Records for processing below:
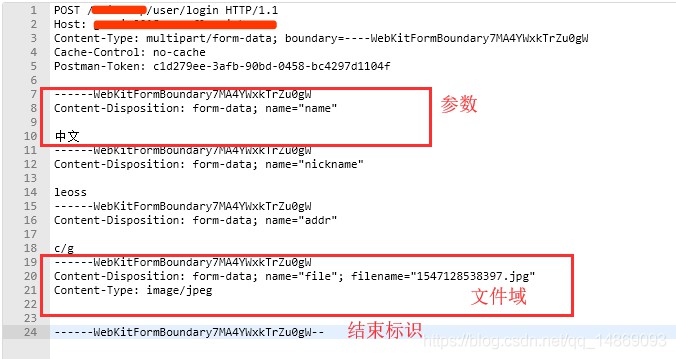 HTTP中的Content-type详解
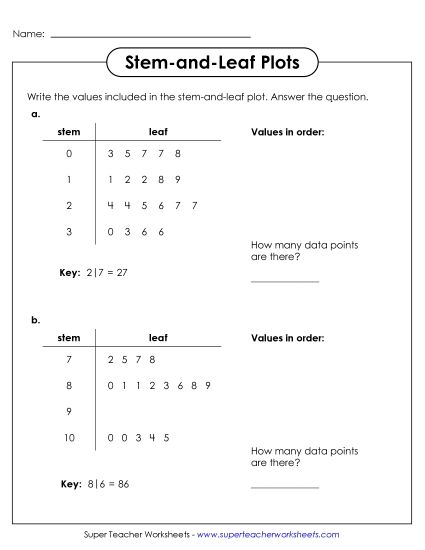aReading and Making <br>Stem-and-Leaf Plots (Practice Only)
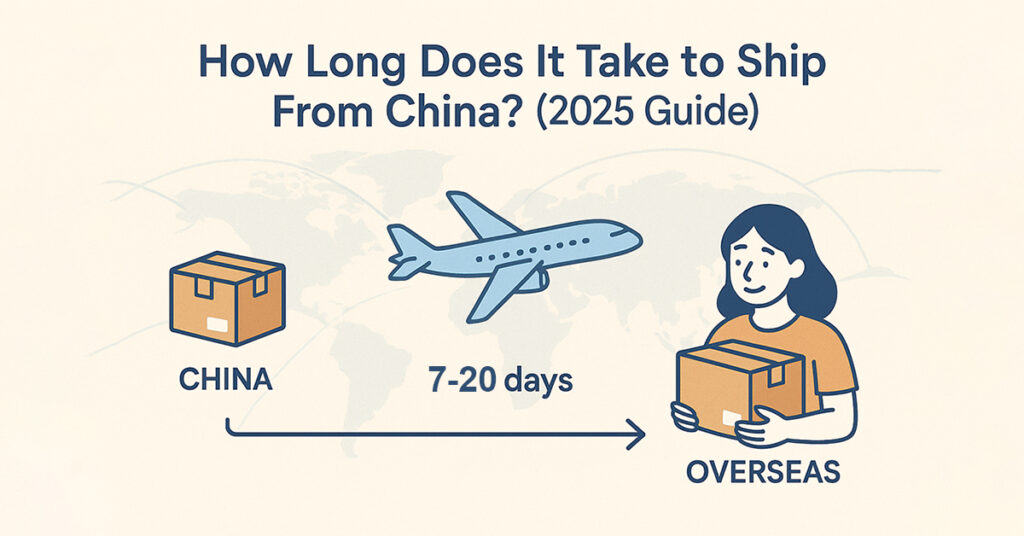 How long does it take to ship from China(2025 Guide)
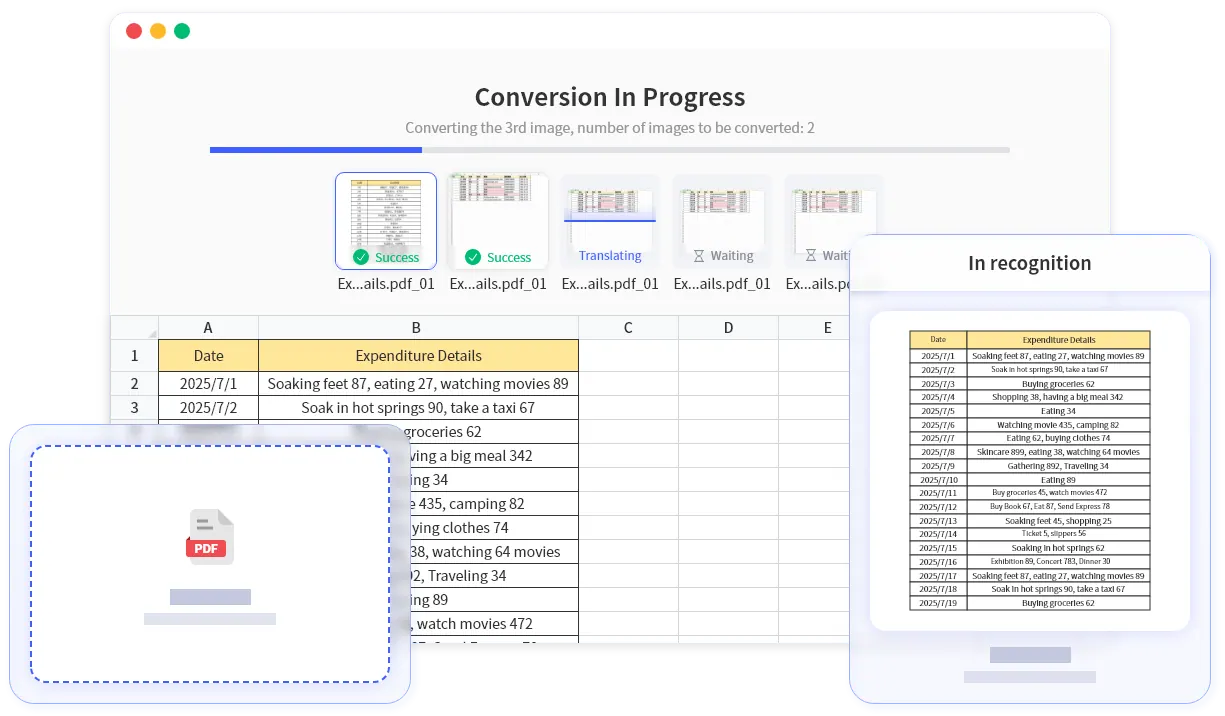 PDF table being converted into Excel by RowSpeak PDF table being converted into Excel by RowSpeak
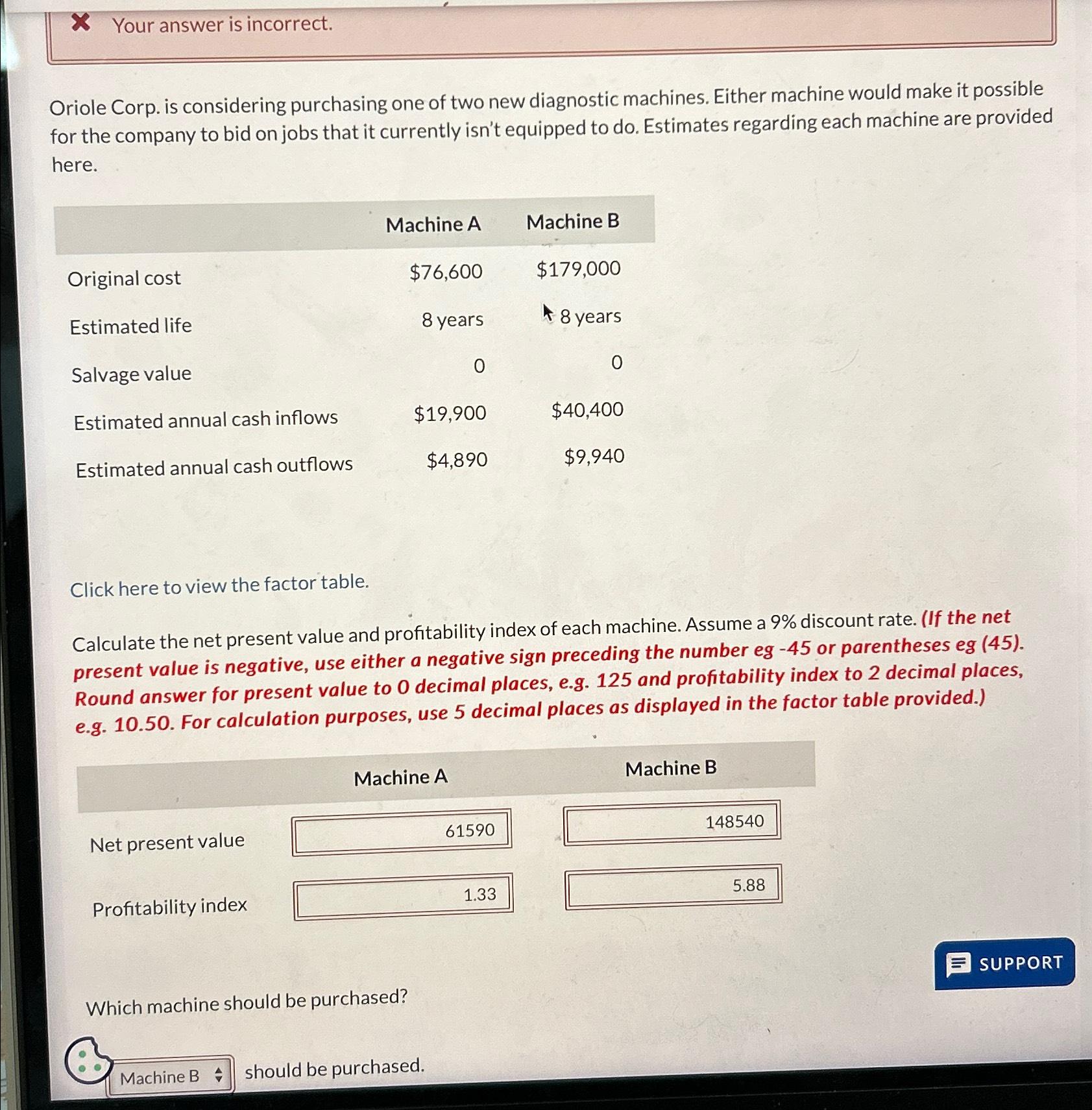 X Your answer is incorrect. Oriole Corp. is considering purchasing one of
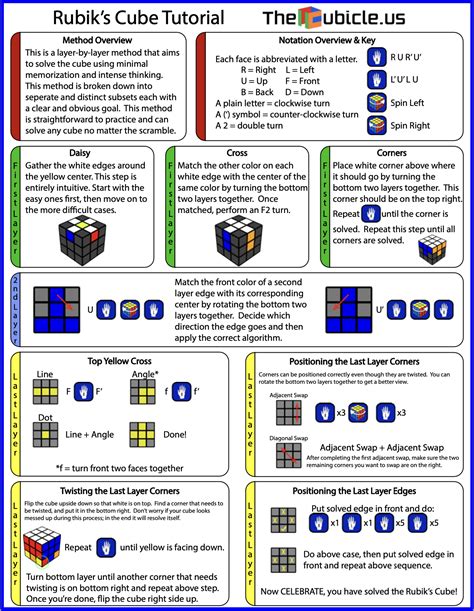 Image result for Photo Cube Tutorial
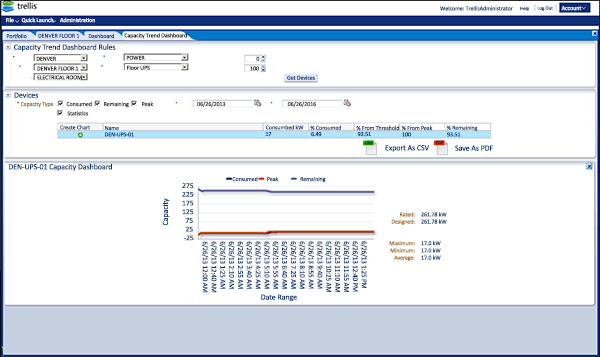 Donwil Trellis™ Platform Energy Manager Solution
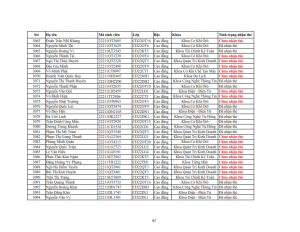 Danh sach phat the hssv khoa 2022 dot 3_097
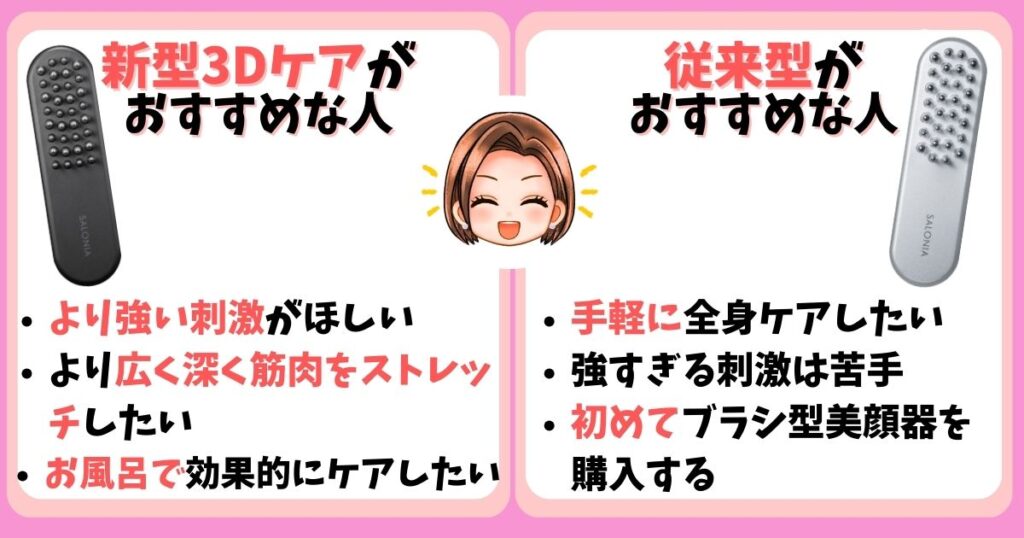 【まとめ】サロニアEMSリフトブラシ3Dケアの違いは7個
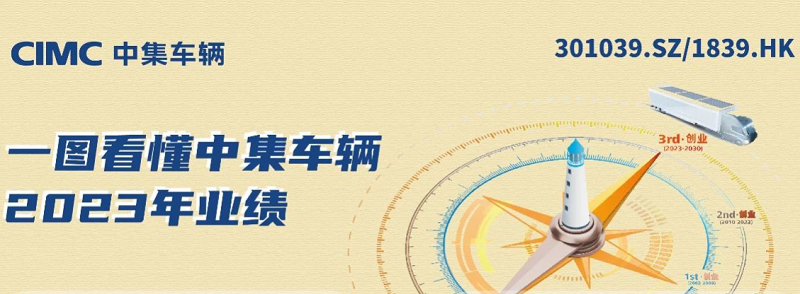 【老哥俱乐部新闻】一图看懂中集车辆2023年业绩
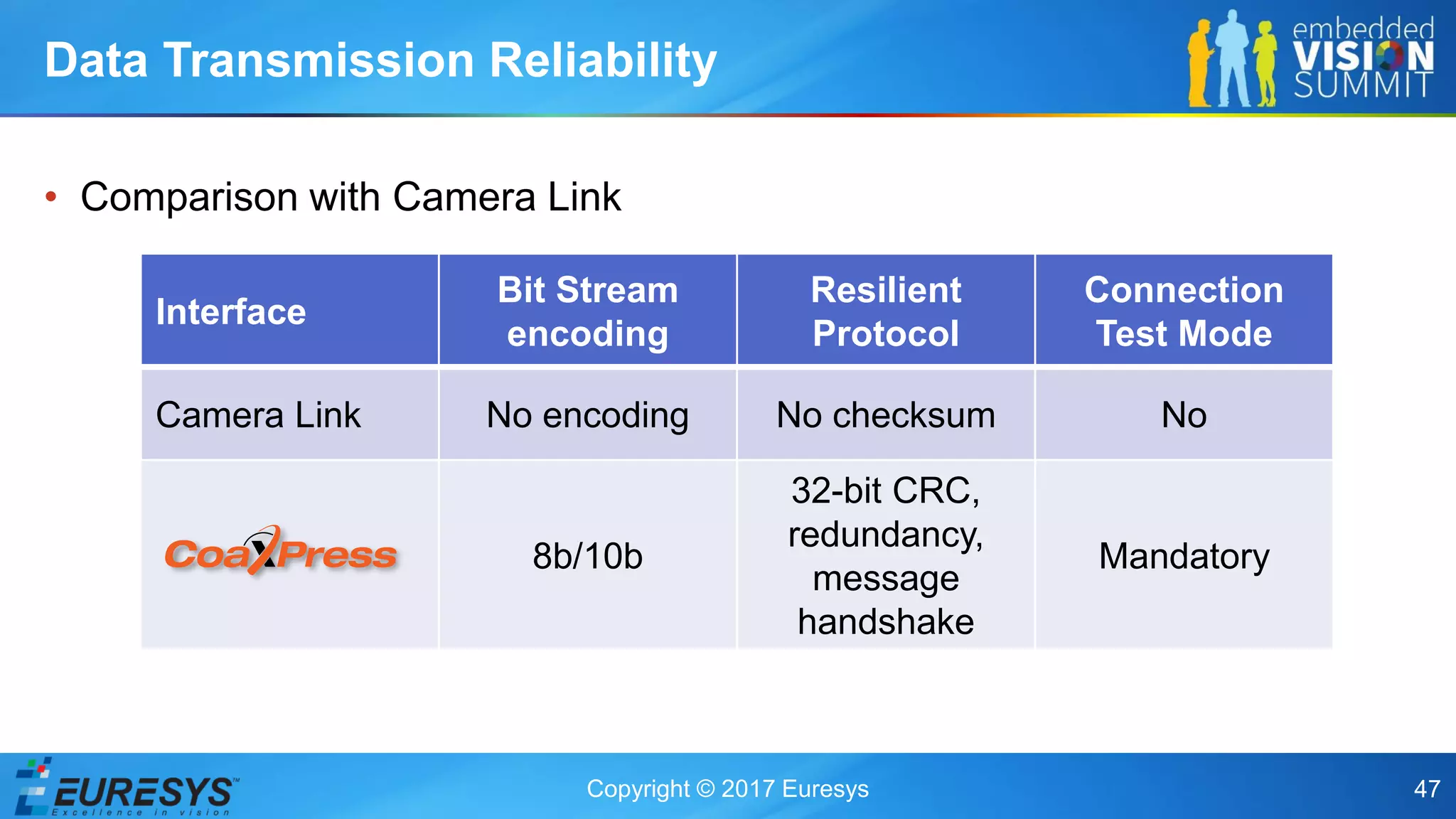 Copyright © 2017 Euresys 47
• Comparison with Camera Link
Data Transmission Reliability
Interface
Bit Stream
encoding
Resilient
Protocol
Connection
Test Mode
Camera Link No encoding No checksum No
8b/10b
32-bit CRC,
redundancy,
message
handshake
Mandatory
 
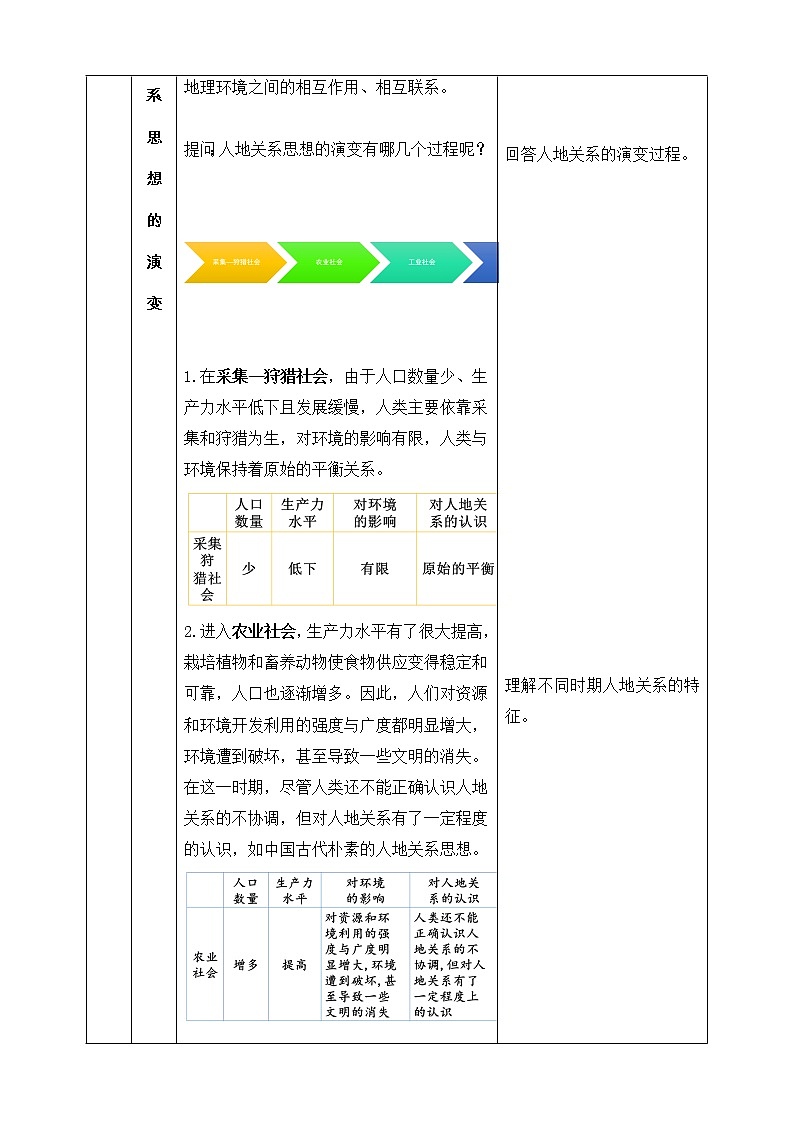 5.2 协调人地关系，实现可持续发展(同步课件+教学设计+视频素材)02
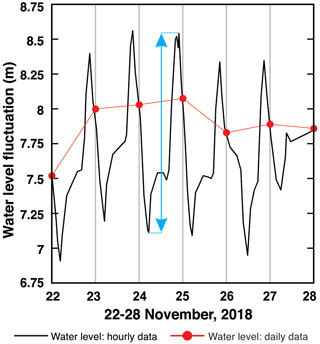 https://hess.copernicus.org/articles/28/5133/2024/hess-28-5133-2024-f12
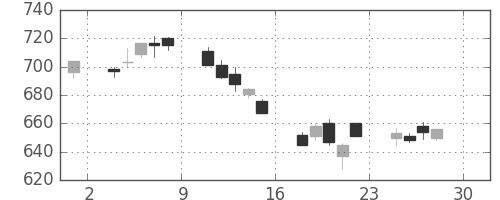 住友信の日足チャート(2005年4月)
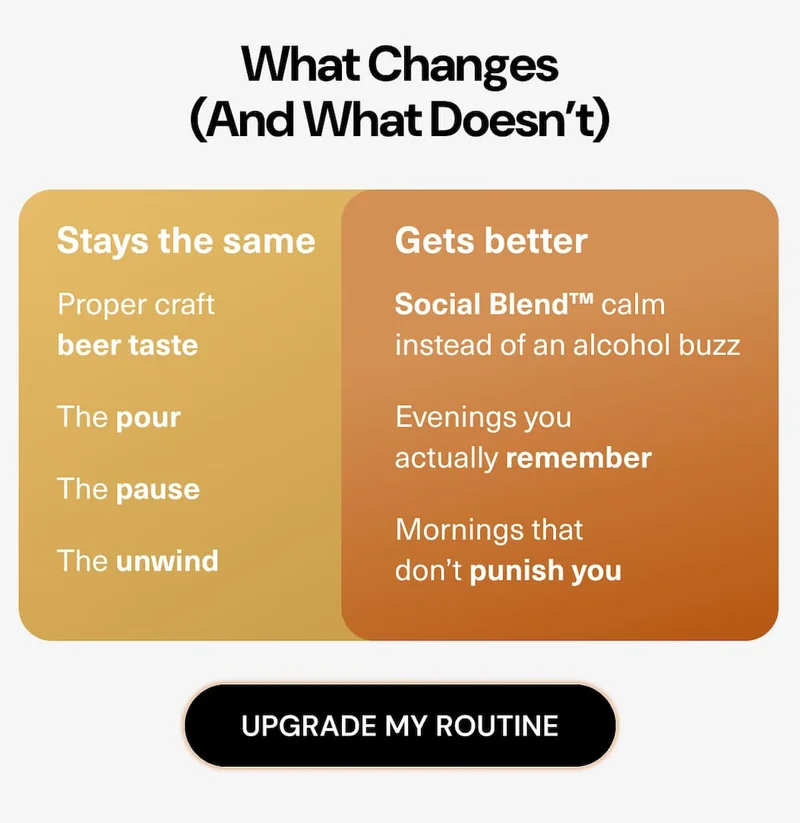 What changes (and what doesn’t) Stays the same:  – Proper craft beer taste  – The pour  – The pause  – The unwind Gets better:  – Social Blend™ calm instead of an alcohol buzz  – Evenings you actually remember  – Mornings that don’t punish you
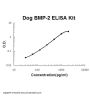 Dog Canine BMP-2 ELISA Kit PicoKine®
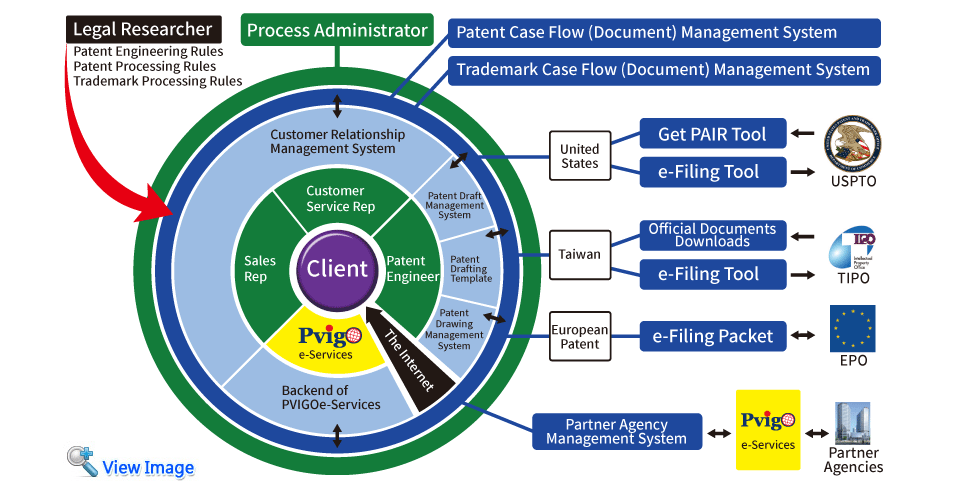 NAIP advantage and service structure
End of Records for processing.
**Problem description**
Every line of the data that includes the word "encoding" should be copied.

**Output for this task**
encoding
Camera Link No encoding No checksum No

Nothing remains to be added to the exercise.